Zum Hauptinhalt springen

Ollama (Self-hosted)

Run open-source models on your own infrastructure and connect them to the AI Kit. No data ever leaves your network.

When self-hosting makes sense

  • You have data-residency or privacy requirements that rule out external providers.
  • You operate in an air-gapped environment without internet access.
  • You want predictable per-month cost — server cost, not per-token.
  • You want to experiment with newer open-source models quickly.

When self-hosting does not make sense:

  • You expect the absolute highest quality on hard tasks — frontier proprietary models are still ahead.
  • You have low volume — paying per token is cheaper than running hardware for a handful of requests per day.
  • You do not have someone on the team who is comfortable managing servers.

What you need

  • A machine with Ollama installed. For useful chat performance, a recent GPU is a near-must — but smaller models run acceptably on a modern CPU with plenty of RAM.
  • Network reachability between the AI Kit server and the Ollama server (the same host is fine, a server on the same network is fine, anything internet-routable is unusual).

Install Ollama

On Linux (one-liner):

curl -fsSL https://ollama.com/install.sh | sh

On macOS or Windows, download the installer from ollama.com.

Verify the installation:

ollama --version

Pull a model

Ollama treats models like containers. Pull the ones you want before connecting them in the AI Kit:

# A balanced chat model
ollama pull llama3.1

# A small chat model (faster, lower quality)
ollama pull llama3.2:3b

# An embedding model
ollama pull nomic-embed-text

Models are downloaded once and cached on disk. The first run after pulling is slower because the model is loaded into memory.

📷 SCREENSHOT: A terminal showing ollama pull llama3.1 completing and ollama list displaying the available models.

Make Ollama reachable

By default, Ollama listens on 127.0.0.1:11434. To let the AI Kit reach it from another host (or from inside a Docker container), set the host environment variable on the Ollama side:

# Linux example
OLLAMA_HOST=0.0.0.0:11434 ollama serve

Bind to a private IP rather than 0.0.0.0 if the machine is on a network. Place Ollama behind a firewall — by design it has no authentication.

Connect from the AI Kit

  1. Open the Models tab and click Configure new Model.
  2. Pick Ollama as provider.
  3. Enter a display name, e.g. "Llama 3.1 (local)".
  4. Enter the model ID — the exact name you used with ollama pull, for example llama3.1.
  5. Enter the endpoint URL — for example http://ollama.local:11434 or http://192.168.10.20:11434.
  6. Pick the model from the list. For embeddings, connect a second Ollama model and pick the embedding model ID you pulled (e.g. nomic-embed-text) via the Custom / Other option.
  7. Click Create. The model is saved and available in the workspace.

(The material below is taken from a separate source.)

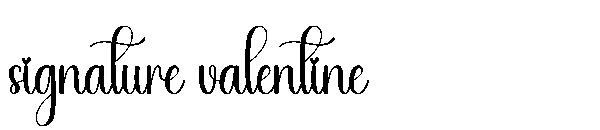 signature valentine字体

📷 SCREENSHOT: The Ollama configuration step with the endpoint URL visible and the test result showing success.

Hardware notes

Model sizeRAM (CPU)VRAM (GPU)Comment
3B parameter chat8 GB4 GBWorkable, modest quality.
7-8B parameter chat16 GB8 GBReasonable default.
13B parameter chat32 GB16 GBBetter quality, slower on CPU.
30B+ parameter chat64 GB+24 GB+GPU strongly recommended.
Embeddings4-8 GB4 GBCheap to run; load mainly comes from chat models.

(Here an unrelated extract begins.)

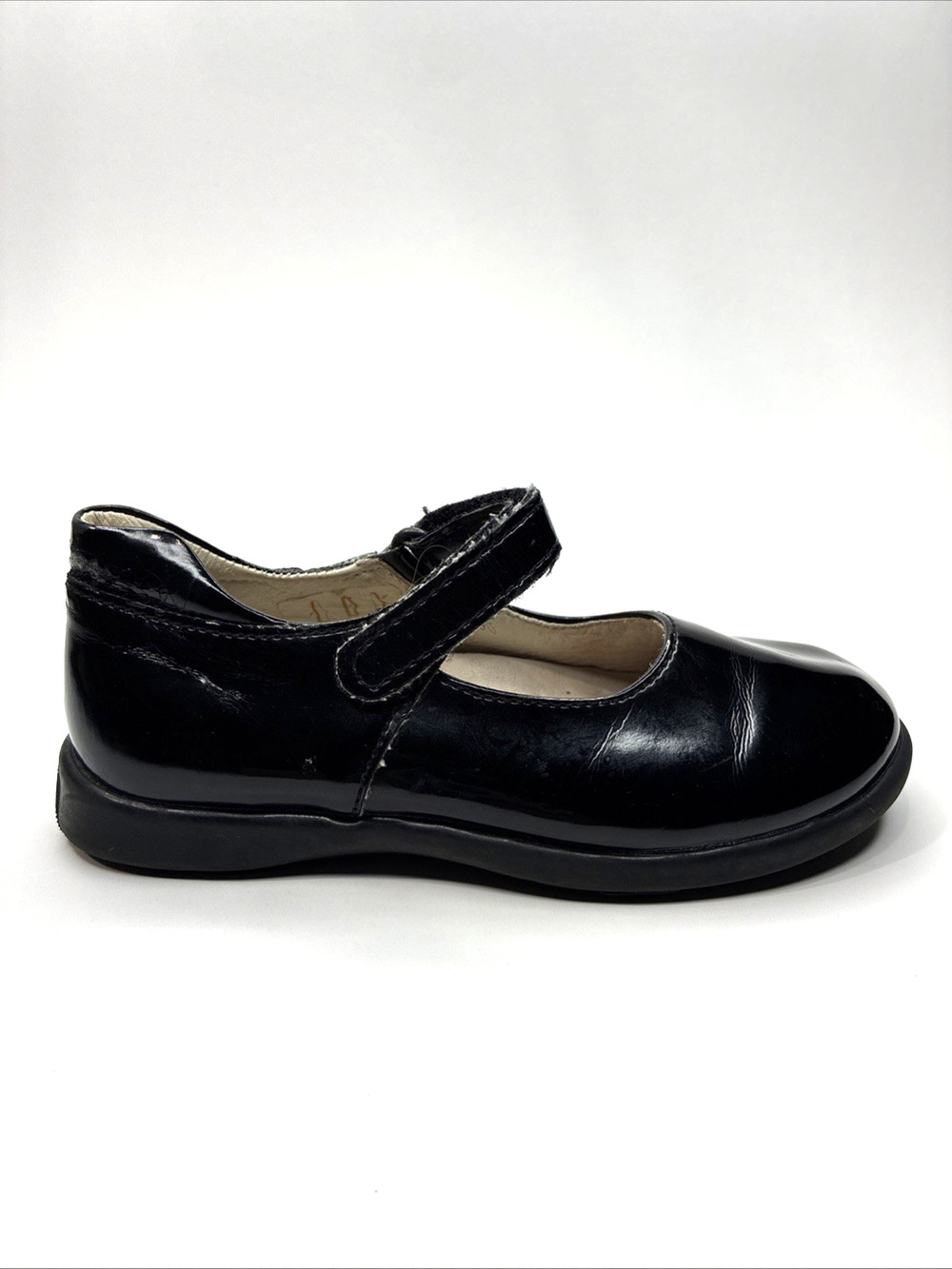 Primigi Kids US 10 EU 27 Black Patent Leather Mary Jane Shoes Girls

For interactive use (agents), latency matters — invest in a GPU. For background workflows where a few seconds of delay are fine, CPU can be enough.

Recommendations

  • ✅ Pull at least one chat model and one embedding model before configuring the AI Kit. Otherwise tests will fail.
  • ✅ Use a stable endpoint URL (a hostname, not an IP). Servers occasionally move; hostnames let you fix it in one place.
  • ✅ Place Ollama on a server with enough disk space for the models you plan to pull (10-50 GB for a small library).
  • ✅ Update Ollama and the models periodically. New versions bring quality and speed improvements.
  • ⚠️ A model that has not been used for a while is unloaded from memory. The first prompt after a quiet period is slower. This is normal.
  • ❌ Do not expose Ollama directly to the public internet. It has no authentication.
  • ❌ Do not run multiple workspaces' AI Kits against a single Ollama instance that is sized for one. Concurrency without enough RAM or VRAM thrashes.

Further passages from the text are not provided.